La vicenda del protagonista-narratore è la registrazione solitaria di una sopravvivenza riscattata solo dalla letteratura, dai libri che rintraccia nel suo vagabondare e soprattutto porta dentro di sé, e in cui la presenza di un'estranea - una donna che, come lui sopravvissuta, viene dall'est per poi scomparire nel nulla è percepita come un'intrusione, un episodio a margine di una vita che, come in molta narrativa post-catastrofica, sublima la forzata solitudine in una condizione di onnipotenza solipsistica "Se tutto filava liscio (?) potevo vagare ancora a lungo per la terra deserta di uomini: non avevo bisogno di Nessuno!". Dove la maiuscola di "Nessuno" rimanda a Ulisse/Utys, alla cui eroica e solitaria impresa il protagonista-narratore ripetutamente si richiama in un autocelebrativo parallelo.
Verso la fantascienza, del resto, Schmidt ritornerà negli anni successivi, fino alle vette di Die Gelehrtenrepublik (1957) e Kaff, auch Mare Crisium (1961), contaminandola tuttavia con la grande tradizione narrativa della letteratura universale e liquidandone di fatto la dimensione di genere. Alla fantascienza rimanda anche il violentissimo pamphletsotto forma di "lettera" che apre la seconda parte di Specchi neri, vero e proprio centro tematico dell'intera novella, un'appassionata difesa della cultura ellenica rispetto a chi vorrebbe destituire il mondo classico del suo ruolo fondante per la nostra civiltà, redatta come risposta a un articolo di un certo professor George R. Stewart, uscito nel 1948 sul "Reader's Digest". Costui era l'autore di uno dei romanzi più famosi del filone apocalittico, Earth Abides (1949), che mette in scena le sorti dell'"ultimo americano" sopravvissuto a una spaventosa catastrofe globale, così come Specchi neri si impernia su quelle dell'"ultimo tedesco". A ben vedere, la novella è una risposta al romanzo di Stewart: il superstite di Schmidt non si arrovella, novello Robinson, a ricostruire faticosamente le vestigia della civiltà tramontata, ma si lascia andare quasi con voluttà alle sue macerie, a un destino in cui tornano in primo piano, proprio al modo dei greci antichi, l'osservazione del mondo, la riflessione, la filosofia, senza ricadere nei vincoli della necessità e dello sfruttamento che hanno già segnato il destino dell'umanità (di quell'umanità che la logica da homo faber di Stewart così ben rappresenta).
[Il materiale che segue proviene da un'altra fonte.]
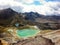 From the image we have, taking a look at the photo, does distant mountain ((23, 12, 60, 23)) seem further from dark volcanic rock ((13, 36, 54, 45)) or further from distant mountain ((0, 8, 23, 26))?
dark volcanic rock ((13, 36, 54, 45))

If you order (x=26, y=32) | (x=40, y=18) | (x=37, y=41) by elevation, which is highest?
(x=40, y=18)

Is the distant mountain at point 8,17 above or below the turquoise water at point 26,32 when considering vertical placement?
above

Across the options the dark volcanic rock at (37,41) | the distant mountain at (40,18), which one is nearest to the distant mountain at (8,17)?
the distant mountain at (40,18)

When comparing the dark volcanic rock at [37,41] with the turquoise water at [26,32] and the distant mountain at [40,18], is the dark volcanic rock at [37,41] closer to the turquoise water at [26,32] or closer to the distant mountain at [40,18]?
the turquoise water at [26,32]

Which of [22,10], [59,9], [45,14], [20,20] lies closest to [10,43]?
[20,20]

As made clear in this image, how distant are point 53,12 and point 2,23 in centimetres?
108

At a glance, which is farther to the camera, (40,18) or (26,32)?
(40,18)

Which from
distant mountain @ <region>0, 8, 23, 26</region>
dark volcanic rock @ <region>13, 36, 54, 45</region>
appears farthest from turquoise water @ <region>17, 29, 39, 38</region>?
distant mountain @ <region>0, 8, 23, 26</region>

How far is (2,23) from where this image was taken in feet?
10.1

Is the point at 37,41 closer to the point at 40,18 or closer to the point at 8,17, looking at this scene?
the point at 40,18

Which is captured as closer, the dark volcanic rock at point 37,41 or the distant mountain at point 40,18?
the dark volcanic rock at point 37,41

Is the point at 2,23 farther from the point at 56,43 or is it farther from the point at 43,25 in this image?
the point at 56,43

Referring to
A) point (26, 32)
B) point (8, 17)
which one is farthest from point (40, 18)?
point (8, 17)

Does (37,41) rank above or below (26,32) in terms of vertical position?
below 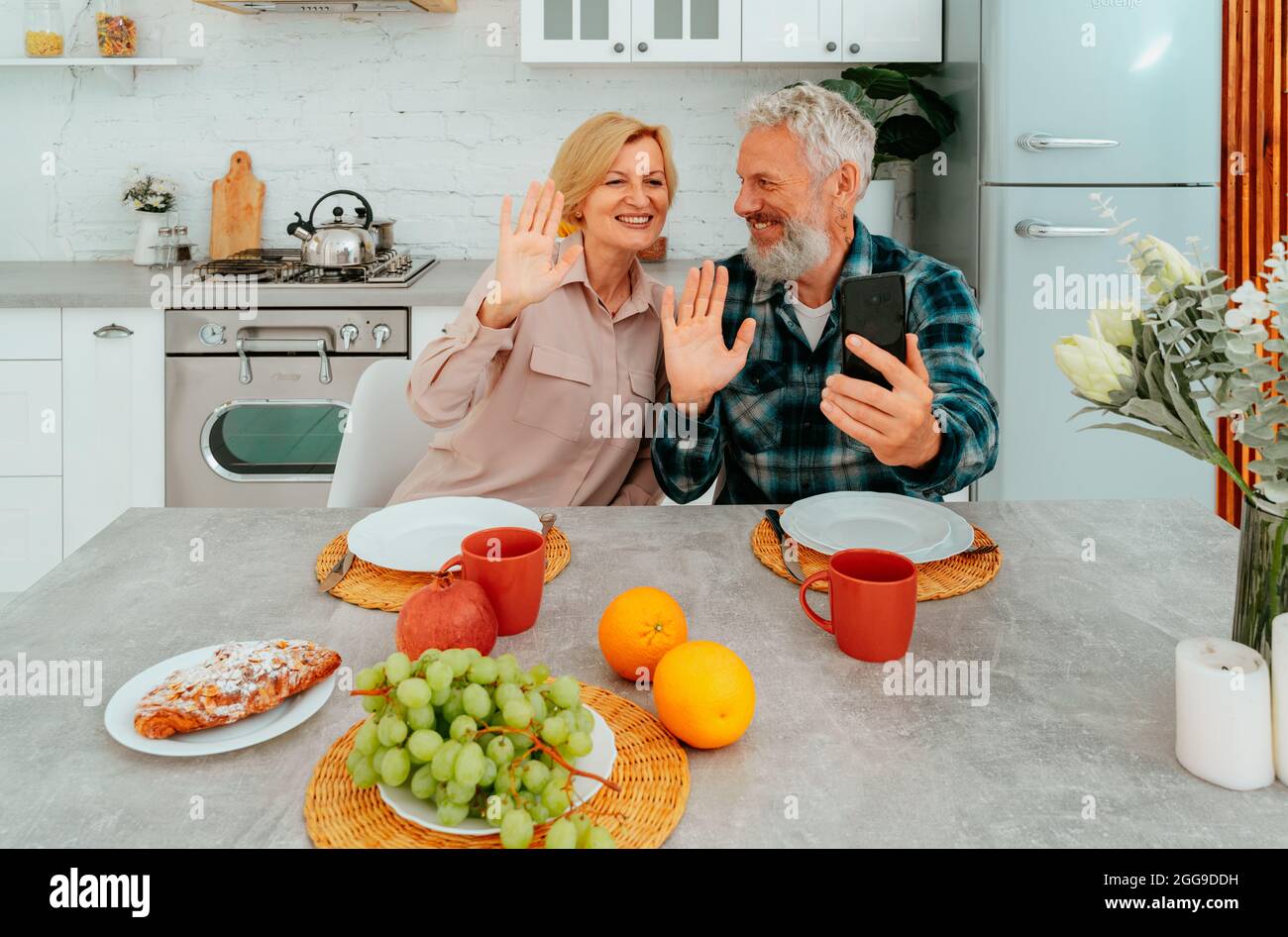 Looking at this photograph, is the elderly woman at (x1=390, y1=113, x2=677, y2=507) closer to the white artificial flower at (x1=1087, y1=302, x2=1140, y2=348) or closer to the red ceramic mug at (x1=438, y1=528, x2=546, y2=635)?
the red ceramic mug at (x1=438, y1=528, x2=546, y2=635)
Passa anche attraverso la fantascienza, dunque, il tentativo di Schmidt di mescolare le carte: nel suo infinito amore per le parole ("Parole, sola cosa che io conosca"), l'autore tedesco compie l'azzardo di inglobarle tutte nel proprio abbraccio, certo rischiando, nel suo infinito gioco di rimandi ad altri libri, ad altre storie, di prendere congedo dalla realtà in una vertiginosa prospettiva di specchi, in cui l'immagine reale si deforma sempre di più, fino a corrispondere solo ai suoi fantasmi. In Specchi neri il processo è appena agli inizi, il piacere della narrazione e dell'affabulazione ancora genera una storia, per la quale l'ampio apparato di note fornito dal curatore costituisce un ausilio utile ma non necessario. Nello Schmidt degli ultimi anni, invece, costruzioni auto- e infrareferenziali formeranno un complesso inespugnabile al senso cui sarà impossibile accedere da profani. Le note, allora, prenderanno il predominio sul testo, a segnare il sostanziale fallimento della sua tarda sperimentazione.